НАЗАД | INDEX | ВПЕРЕД

3

Мы сидели и молчали. Рэндом кончил рассказывать, а Бенедикт смотрел на небо над Гарнатом. Лицо его ничего не выражало.

Я давным-давно научился уважать его молчание.

Наконец, он резко кивнул и посмотрел на Рэндома.

– Я давно подозреваю нечто в этом роде, – произнес он. – Из всего, что создали отец и Дворкин за все эти годы, у меня возникло впечатление, что существовал первозданный Лабиринт, который они либо нашли, либо создали, расположив наш Эмбер всего лишь в одном Отражении от него, чтобы черпать его силы. Я, однако, так никогда и не получил никакого представления относительно того, как можно пройти в то место.

Он вновь повернулся к Гарнату, показав подбородок:

– И что, как вы мне говорите, соотносится с тем, что было сделано там?

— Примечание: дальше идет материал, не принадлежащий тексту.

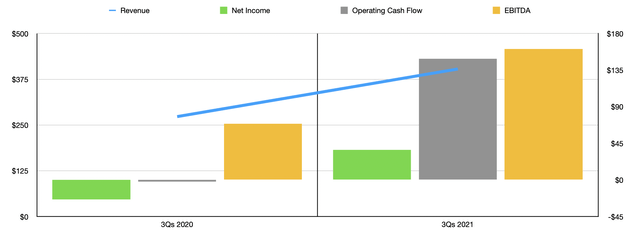 Planet Fitness 3Q21 Financials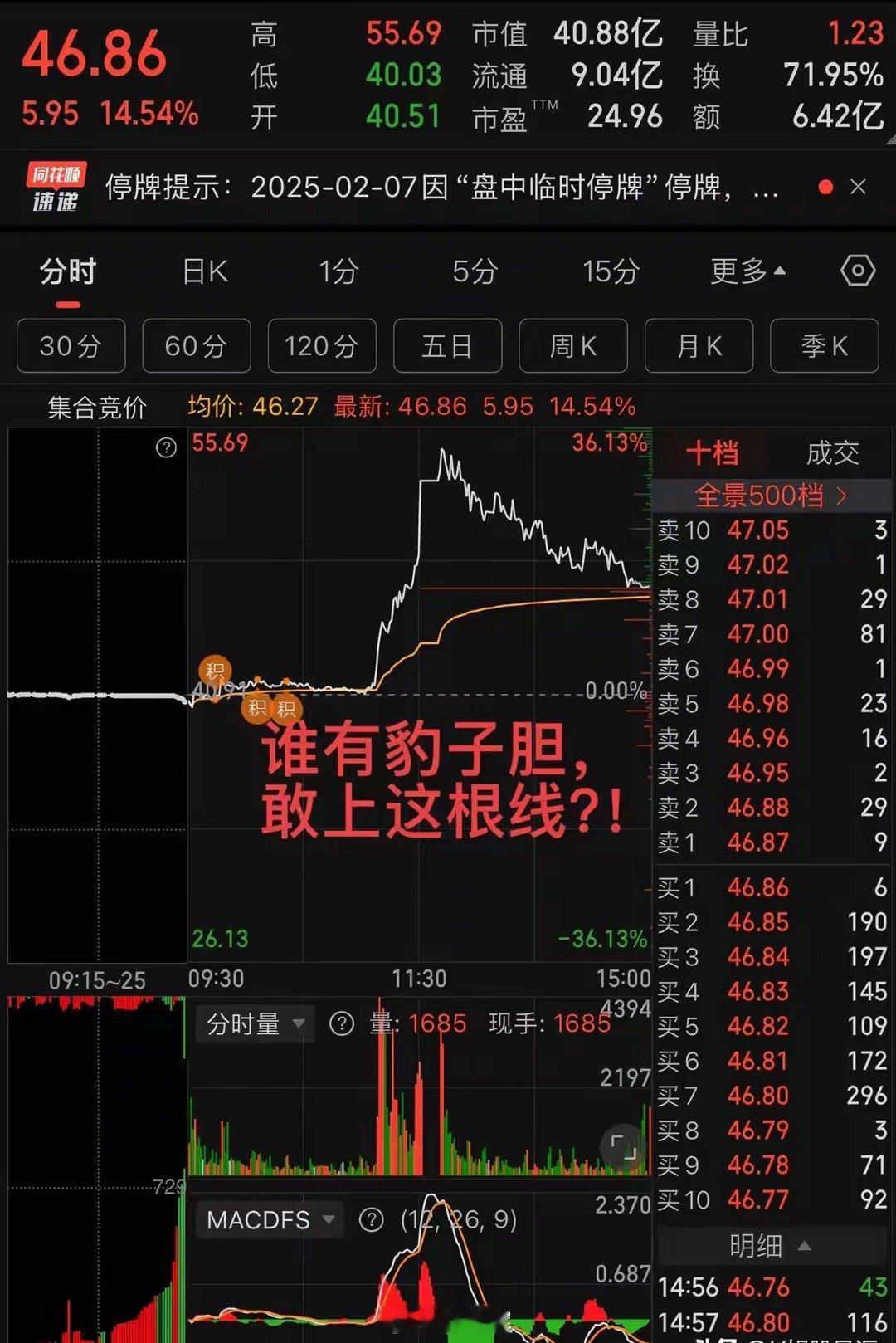 没有天理啊，他们竟然这么玩？！谁能受的了！上市第四天，冲到36%，临时停牌十分钟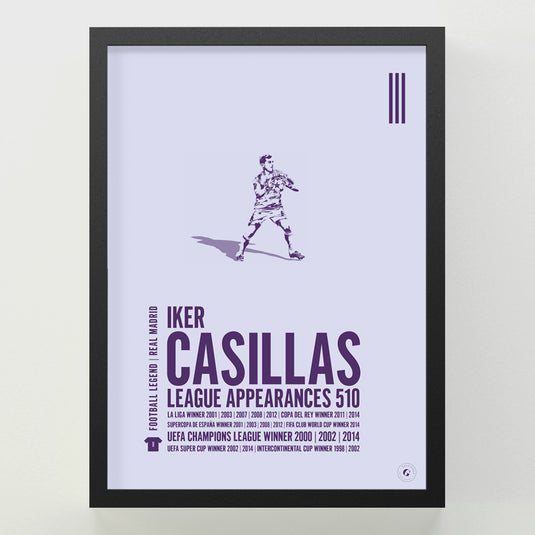Iker Casillas Poster - Real Madrid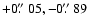 $+0\hbox{$.\!\!^{\prime\prime}$ }05, -0\hbox{$.\!\!^{\prime\prime}$ }89$
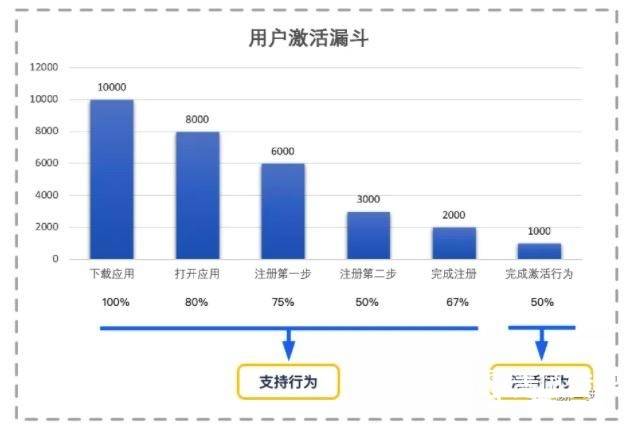 494949最快开奖结果+香港,高效执行计划设计_Prime39.673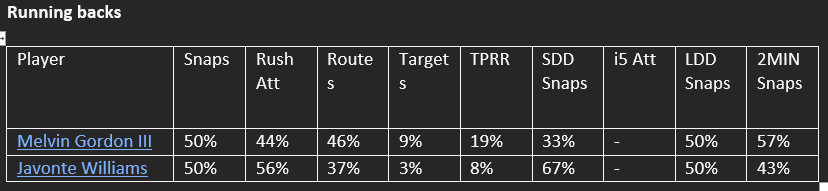 dwainmcfarland's tweet photo. Javonte Williams and Melvin Gordon III are splitting up duties as close to even as you will see.
Gordon with a slight edge in the passing game and Williams on the ground.
The #UtilizationReport drops tomorrow @PFF and I break down every skill group across the NFL. https://t.co/jLqB8YsEbb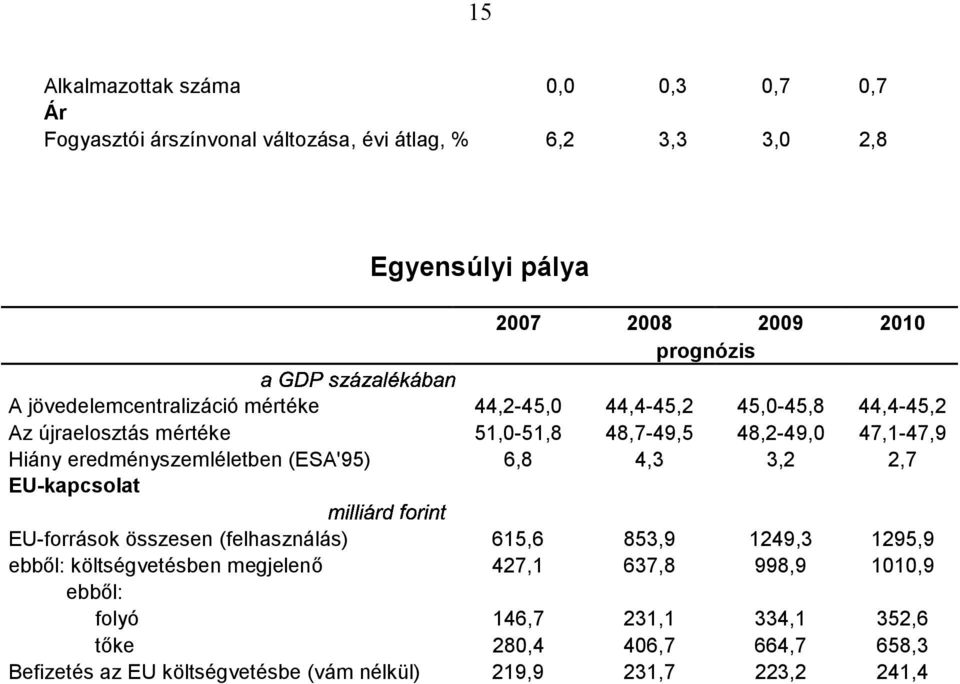 eredményszemléletben (ESA'95) 6,8 4,3 3,2 2,7 EU-kapcsolat EU-források összesen (felhasználás) 615,6 853,9 1249,3 1295,9 ebből: költségvetésben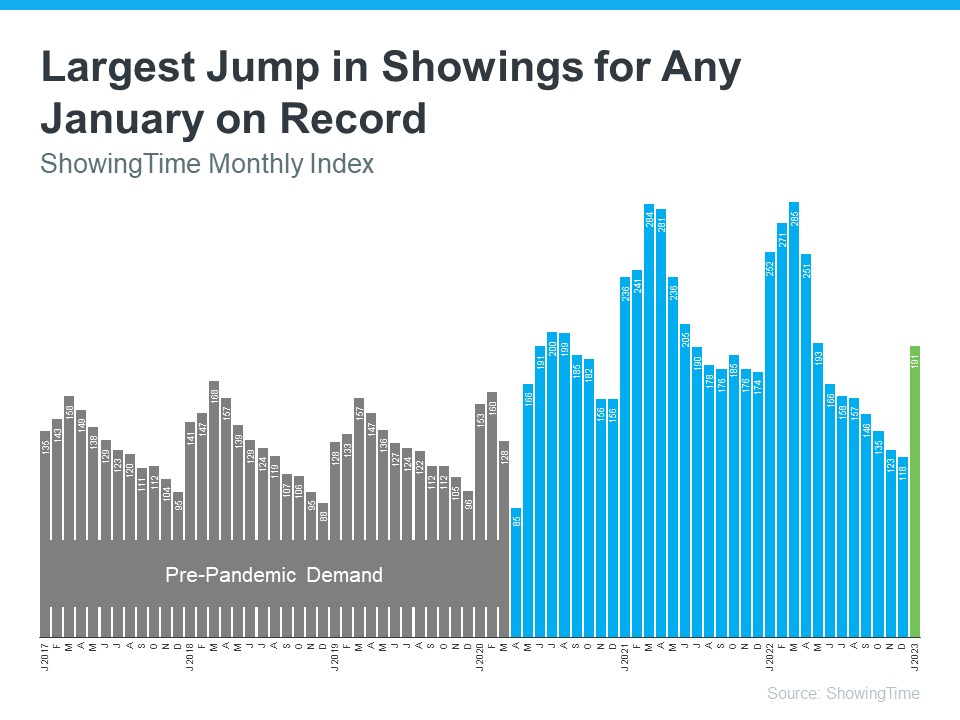 Buyer Activity Tells Us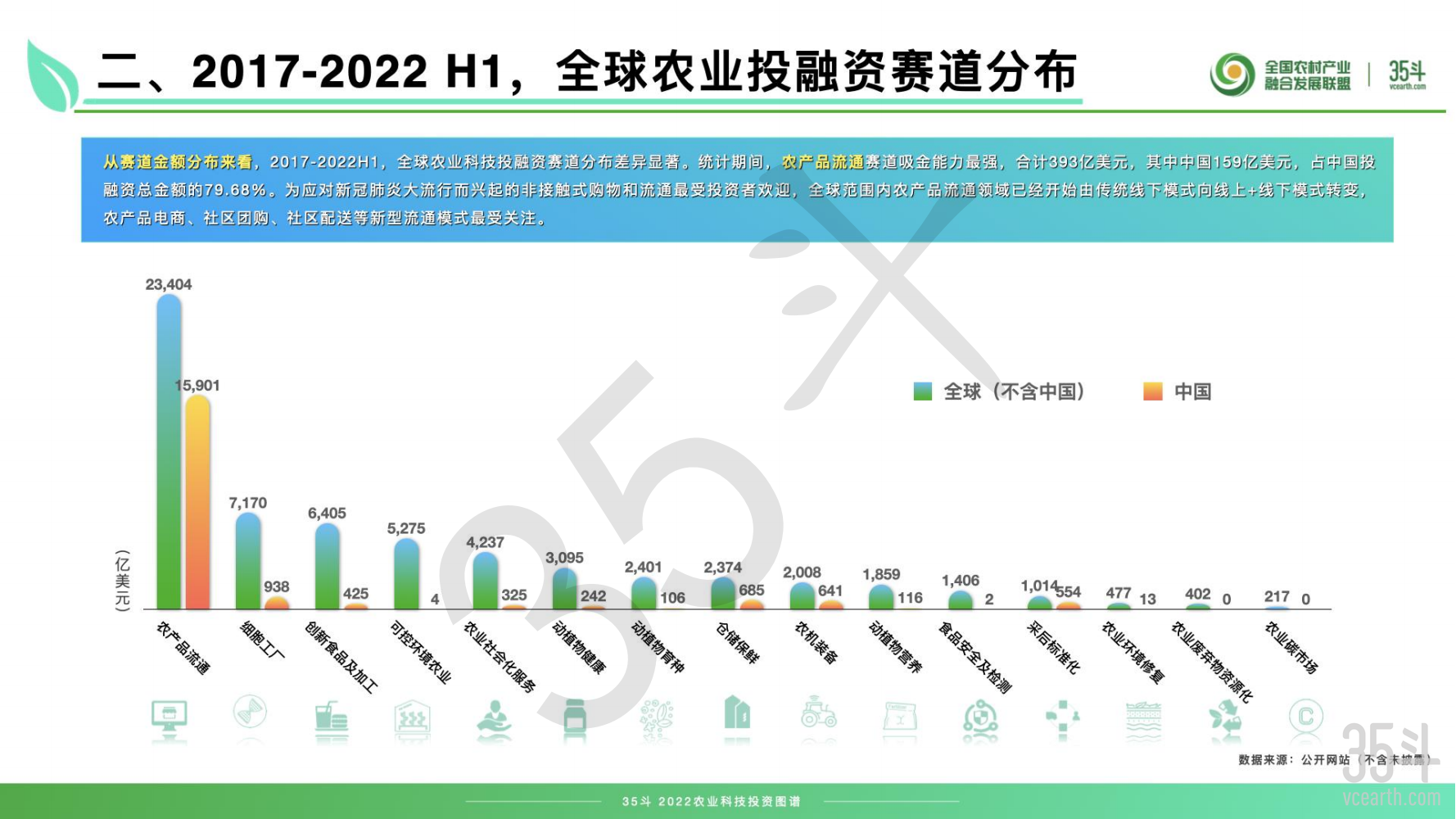 2022农业科技投资图谱摘要版pdf_08.png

– Кажется, да, – ответил Рэндом.

– Вызванное пролитием крови Мартина?

– Я думаю, что так.

Бенедикт поднял Карту, переданную ему Рэндомом во время рассказа. Тогда Бенедикт никак ее не прокомментировал.

– Да, это Мартин. Он явился ко мне после того, как я покинул Рембу. Он оставался у меня долгое время.

– Почему он пришел к тебе? – спросил Рэндом.

Бенедикт слабо улыбнулся:

– Он, знаешь ли, должен был куда-то отправиться. Его тошнило от своего положения в Рембе, он испытывал двойственные чувства к Эмберу, был молод, свободен и только что вошел в силу, пройдя через Лабиринт. Он хотел убраться подальше, повидать чего-нибудь новенькое, погулять по Отражениям, как и мы все. Я однажды брал его в Авалон, когда он был мальчишкой, чтобы дать ему погулять по суше летом, научить его ездить верхом, показать сбор урожая. Когда он вдруг оказался в таком положении, что мог отправиться в один миг куда угодно, выбор его был все же ограничен немногими известными ему местами. Верно, он мог придумать какое-то место в один миг и отправиться туда, практически создать его. Но он также сознавал, что ему еще многому нужно научиться, чтобы гарантировать свою безопасность в Отражениях.

Он явился ко мне и попросил меня научить его пользоваться своим даром. И я его научил. Он провел у меня большую часть года. Я научил его драться, научил его работе с Картами и Отражениями, научил его всему тому, что обязан знать эмберит, если он хочет выжить.

– Почему ты все это сделал? – спросил Рэндом.

– Кто-то же должен был. Он явился ко мне, значит, мне и обучать. Это, впрочем, не значит, что я не привязался к мальчику, – добавил он.

Рэндом кивнул:

– Ты утверждаешь, что он пробыл у тебя почти год. Что с ним стало после этого?

– Эта жажда странствий, которая известна тебе не хуже, чем мне. Коль скоро о обрел некоторую уверенность в своих способностях, ему захотелось применить их. Наставляя его, я сам брал его в путешествия по Отражениям, представил его в разных местах, знакомя с людьми. Но настало время, когда он захотел сам выбирать себе дорогу. В один прекрасный день он попрощался со мной и отправился в путь.

– Ты видел его с тех пор?

– Да. Он периодически возвращался, останавливался у меня на время порассказать о своих приключениях и открытиях. Всегда было ясно, что это лишь визит. Через некоторое время он становился непоседлив и снова отбывал.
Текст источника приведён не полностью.